Paris is to ban half of the city's cars from the road on Monday, in a bid to curb high levels of smog, which briefly made the French capital's air the most polluted in the world this week, according to reports.
The city's mayor, Anne Hidalgo, announced the measures Saturday, saying that cars with license plates ending in even numbers will be barred from the city's roads Monday. She added that public transport would be free in the city to encourage people to stay off the road, AFP reported.
There will be exceptions to the ban, including for emergency services vehicles, and private cars carrying at least three people.
"I am delighted the state has agreed to put in place a partial driving ban on Monday, which I have been requesting for several days," Hidalgo wrote Saturday on Twitter. She added that the "health of Parisians is not negotiable."
This is the third time in the city's history that such measures have been implemented, with the last occasion being in March 2014.

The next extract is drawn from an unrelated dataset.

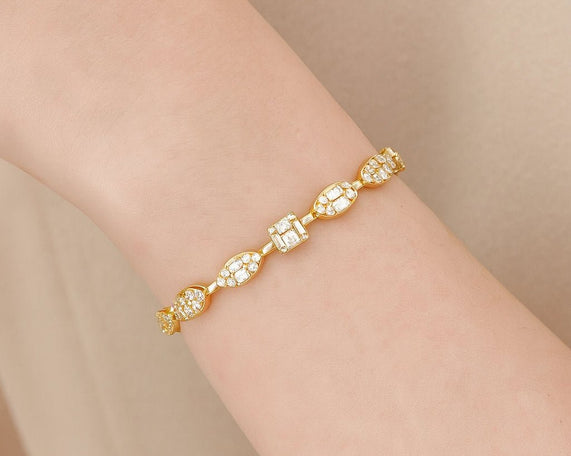 14k Gold Diamond Bracelet with Emerald - Cut & Round Design 5ct - AVI THE JEWELER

On Wednesday this week, Plume labs, a pollution-monitoring service which tracks 60 cities worldwide, gave Paris' air a pollution rating of 125, halfway between harmful and critical, France 24 reported. Anything above 100 is considered harmful.
Authorities in the city have been criticized over a lack of long-term initiatives to address the city's high levels of pollution. A measure set to become law in July will ban diesel vehicles manufactured before 2001, which are believed to be among the worst polluters, from the city's roads entirely, the Mirror Daily reported.
The French Association of Transport Users (FNAUT), however, was unimpressed, blaming “uninspired politicians” for a failure to take the problem seriously.
“We need long-term solutions including extra charges on heavy goods vehicles which the government backtracked from implementing last year. Paris also needs a congestion charge inside the city. This would reduce circulation and raise revenue. But all our politicians seem to do is wait for the rain and when it doesn’t come, they blame the weather for their failings,” said FNAUT spokesman Fabrice Michel told the National Monitor.
Nearby London has had a congestion charge in place since 2003, which sees most private vehicles entering the city center required to pay a charge equivalent to just under $15 per day. The scheme is generally regarded as having successfully reduced traffic congestion and pollution.
When Paris imposed similar restrictions in 2014, traffic dropped roughly 18 percent, and pollution particles measured fell by 6 percent, Quartz reported.